Die Aufstellung der Referentinnen und Referenten, die am 31. Oktober und 1. November in den Räumen des Vereins Helle Panke in Berlin-Prenzlauer Berg sprechen, summiert im Hacks-Kosmos bekannte und neue Gesichter: Ingar Solty, Referent der Rosa-Luxemburg-Stiftung (RLS) und Podiumsteilnehmer der UZ-Friedenstage im vergangenen Jahr, spricht über Hacks’ „Imperialismuskritik in der neuen Blockkonfrontation“ und eröffnet damit die Begriffsarbeit am Samstagvormittag. Die vertieft der Herausgeber mehrerer Hacks-Bände, Heinz Hamm, mit „Hacks und die Vertreter der ‚reinen Lehre‘“. „Für Hacks war klar, dass der Imperialismus nicht von selbst untergeht, sondern aktiv überwunden werden muss. Hoffnung setzte er auf eine sozialistische Reform, wie sie Ulbricht konzipierte“, heißt es im Ankündigungstext. Weiter: „Doch die Sowjetunion verwarf diese Linie als Revisionismus. Die heutige Linke distanziert sich von Ulbricht und übernimmt zentrale Positionen des Gegners.“ Nach dem Mittag widmet sich Marlon Grohn anhand von Hacks-Stücken „aktuellen Fragen und Irrtümern“ und gibt voraus: „Der Vortrag beleuchtet Hacks’ Imperialismus-Begriff und untersucht davon ausgehend, ob Russland und China heute imperialistisch sind.“

Autorin Bafta Sarbo („Die Diversität der Ausbeutung – Zur Kritik des herrschenden Antirassismus“, 2023) widmet sich im Folgenden dem Aspekt des Kolonialismus bei Hacks als ein Hauptgeschäft des Kapitalismus in seiner Epoche. „Heute ist diese Position Gegenstand der postkolonialen Kritik am Marxismus“, heißt es in der Ankündigung. Sarbos Vorhaben: „Hacks’ Verständnis der historischen Rolle bzw. Mission des Kolonialismus – im Zusammenhang, aber auch in Abgrenzung zu Marx“ zu illuminieren.

Der Nachmittag nimmt sich stärker dem Literarischen als solchem an.

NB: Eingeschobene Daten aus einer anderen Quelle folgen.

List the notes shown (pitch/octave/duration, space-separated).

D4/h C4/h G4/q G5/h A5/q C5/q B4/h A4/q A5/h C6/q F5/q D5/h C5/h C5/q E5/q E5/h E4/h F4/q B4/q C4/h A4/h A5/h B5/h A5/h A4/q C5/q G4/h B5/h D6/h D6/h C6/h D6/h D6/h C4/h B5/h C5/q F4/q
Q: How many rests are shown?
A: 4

Sebastian Kaep spricht über „Form und Konterrevolution – Peter Hacks und die Dramaturgie sprachlich vermittelter Herrschaftsstrukturen“. Misa Harz und Ken Merten schicken sich an, Hacks’ Kollegen und Genossen Ronald M. Schernikau in die Debatte zu holen („»der ausgang ist den ausgang wissen« – Imperialismus und Kunstauftrag bei Peter Hacks und Ronald M. Schernikau). Jürgen Pelzer – sicherlich wieder aus Athen zugeschaltet – widmet sich der Beziehung von Peter Hacks mit dem Hamburger Magazin „Konkret“, in dem er in den 1990ern Lyrik publizierte und dessen Verlag 2001 den Essay „Zur Romantik“ veröffentlichte. Lukas Meisner („Fluch(t) – Die Sintflut heißt Westen“, 2025) stellt „Die Imperialismus- als Gretchenfrage marxistischer Literatur“, ehe Shaswati Mazumdar, Professorin in Neu-Delhi, sich anhand der Hacks-Bearbeitung von Goethes „Pandora“ dem von Hacks als solchen erkannten „Hauptwiderspruch seiner Epoche als den zwischen Imperialismus und Sozialismus“ annimmt.

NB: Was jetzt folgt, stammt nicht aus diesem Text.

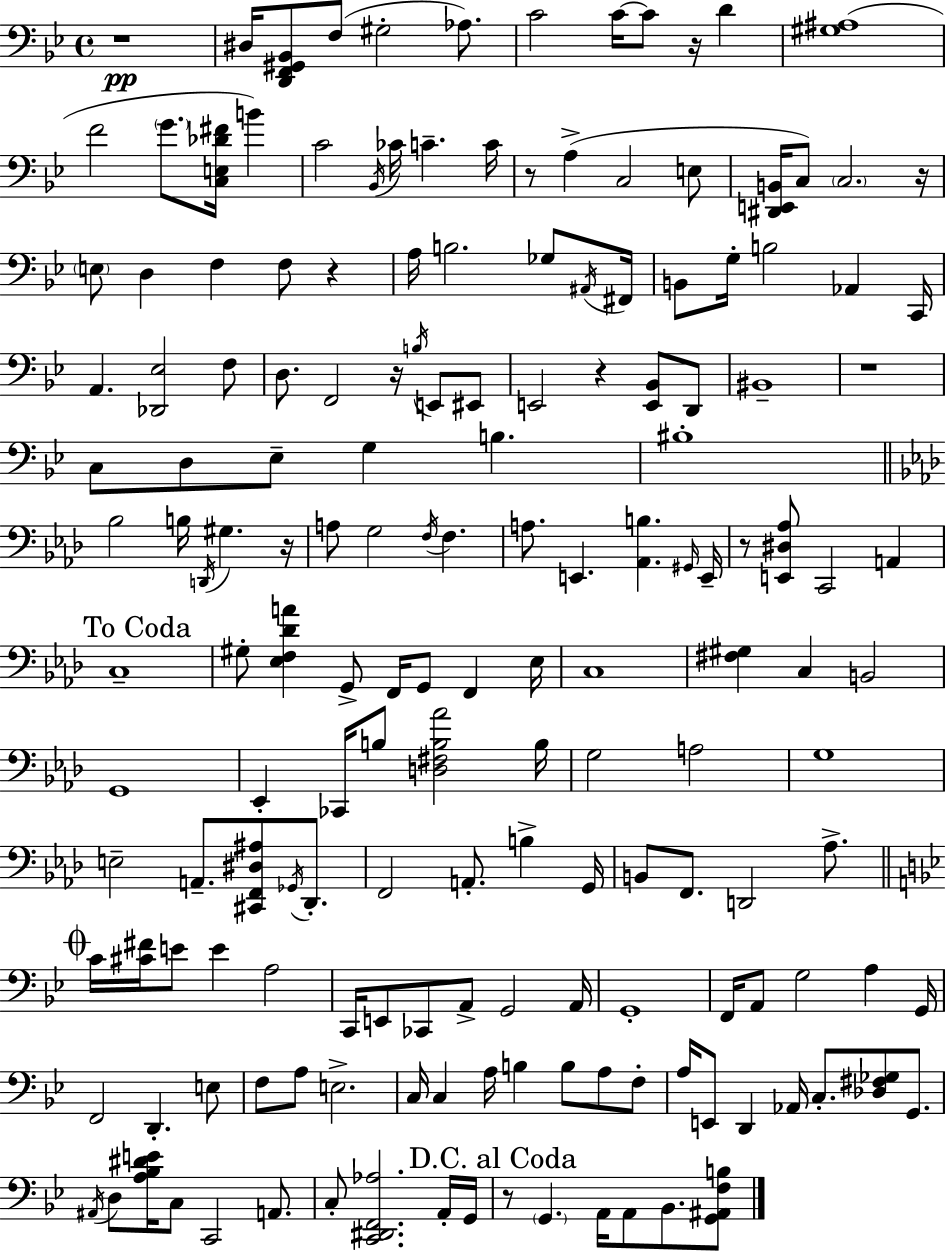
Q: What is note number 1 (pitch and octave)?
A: D#3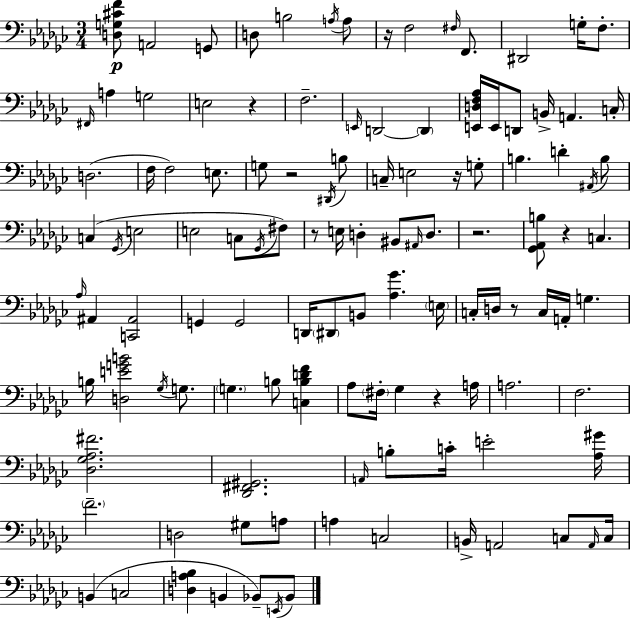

Die Peter-Hacks-Gesellschaft bittet für den Samstag Teilnehmerinnen und Teilnehmer um Anmeldung. Wer es nicht nach Berlin schafft: Auch dieses Jahr wird es einen Live-Stream geben.

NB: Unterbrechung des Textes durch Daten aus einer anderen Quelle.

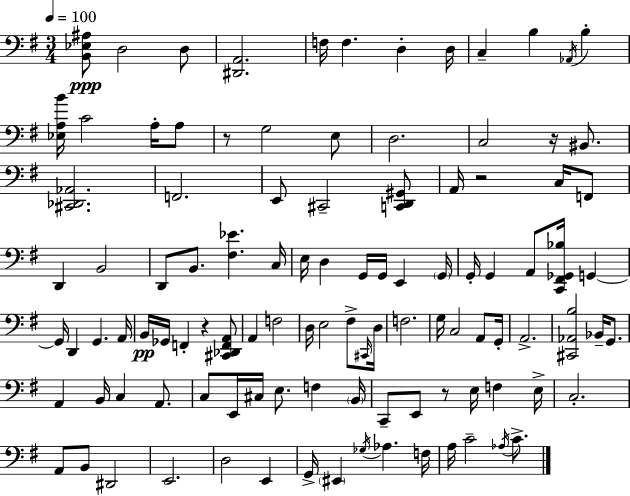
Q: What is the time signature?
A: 3/4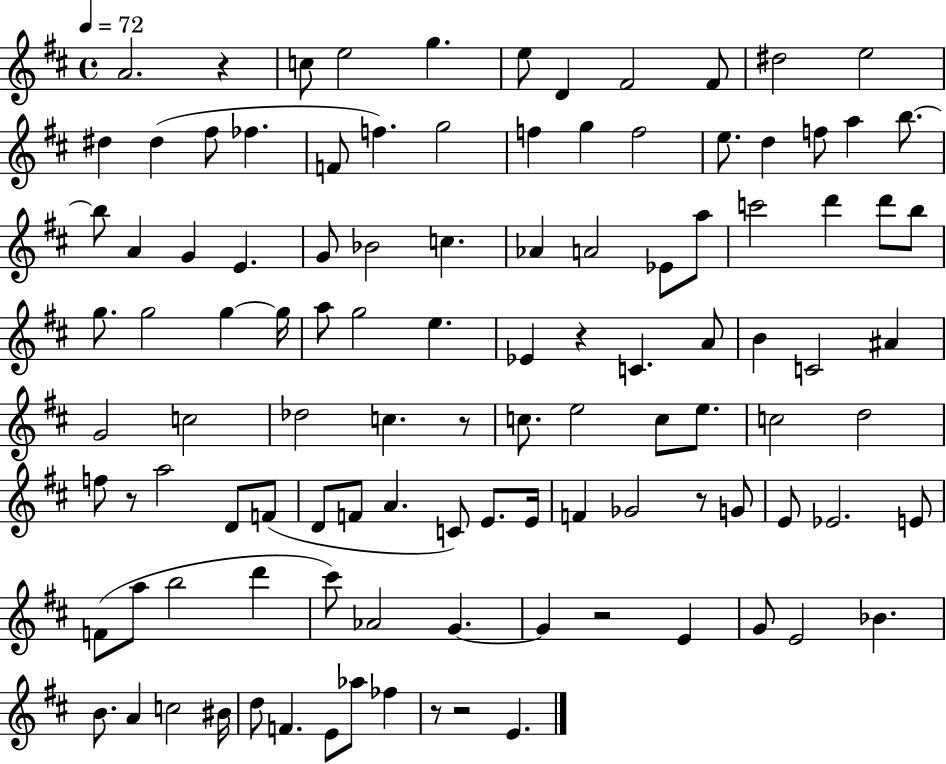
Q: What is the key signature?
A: D major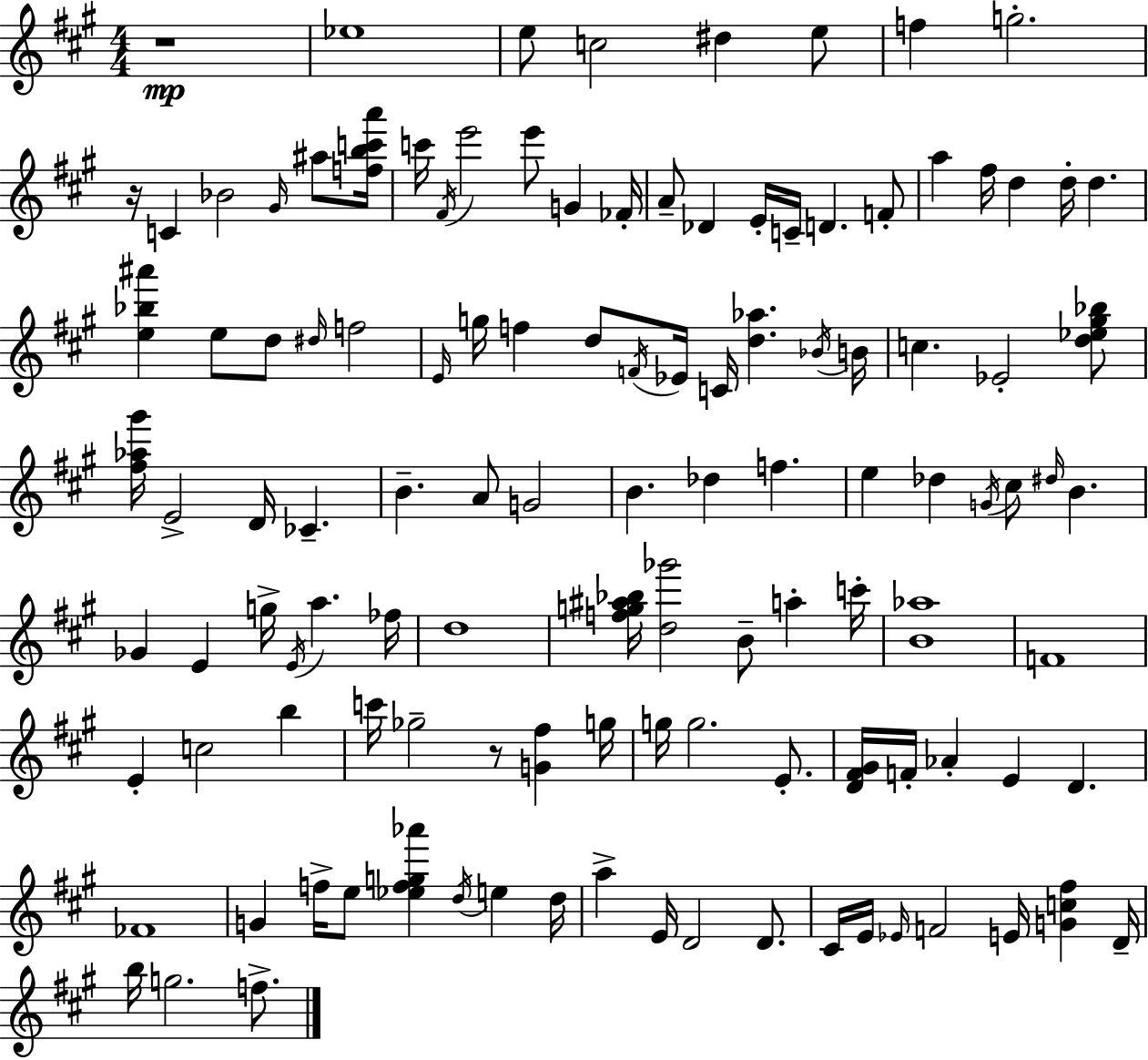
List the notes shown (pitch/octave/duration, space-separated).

R/w Eb5/w E5/e C5/h D#5/q E5/e F5/q G5/h. R/s C4/q Bb4/h G#4/s A#5/e [F5,B5,C6,A6]/s C6/s F#4/s E6/h E6/e G4/q FES4/s A4/e Db4/q E4/s C4/s D4/q. F4/e A5/q F#5/s D5/q D5/s D5/q. [E5,Bb5,A#6]/q E5/e D5/e D#5/s F5/h E4/s G5/s F5/q D5/e F4/s Eb4/s C4/s [D5,Ab5]/q. Bb4/s B4/s C5/q. Eb4/h [D5,Eb5,G#5,Bb5]/e [F#5,Ab5,G#6]/s E4/h D4/s CES4/q. B4/q. A4/e G4/h B4/q. Db5/q F5/q. E5/q Db5/q G4/s C#5/e D#5/s B4/q. Gb4/q E4/q G5/s E4/s A5/q. FES5/s D5/w [F5,G5,A#5,Bb5]/s [D5,Gb6]/h B4/e A5/q C6/s [B4,Ab5]/w F4/w E4/q C5/h B5/q C6/s Gb5/h R/e [G4,F#5]/q G5/s G5/s G5/h. E4/e. [D4,F#4,G#4]/s F4/s Ab4/q E4/q D4/q. FES4/w G4/q F5/s E5/e [Eb5,F5,G5,Ab6]/q D5/s E5/q D5/s A5/q E4/s D4/h D4/e. C#4/s E4/s Eb4/s F4/h E4/s [G4,C5,F#5]/q D4/s B5/s G5/h. F5/e.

Wie gewohnt wird die Tagung am Freitag mit einer Vorabendveranstaltung eingeleitet: Unter dem Titel „Imperialismus heute: Weltumspannend? – Friedensfähig? – Unbesiegbar?“ diskutieren Marco Blechschmidt (Klasse gegen Klasse), Özlem Demirel (Partei „Die Linke“), Autor Jörg Kronauer, Luca Schneider (KO) und der Stellvertretende DKP-Vorsitzende Björn Blach, moderiert von Detlef Kannapin. Mögen die Herrschenden zittern!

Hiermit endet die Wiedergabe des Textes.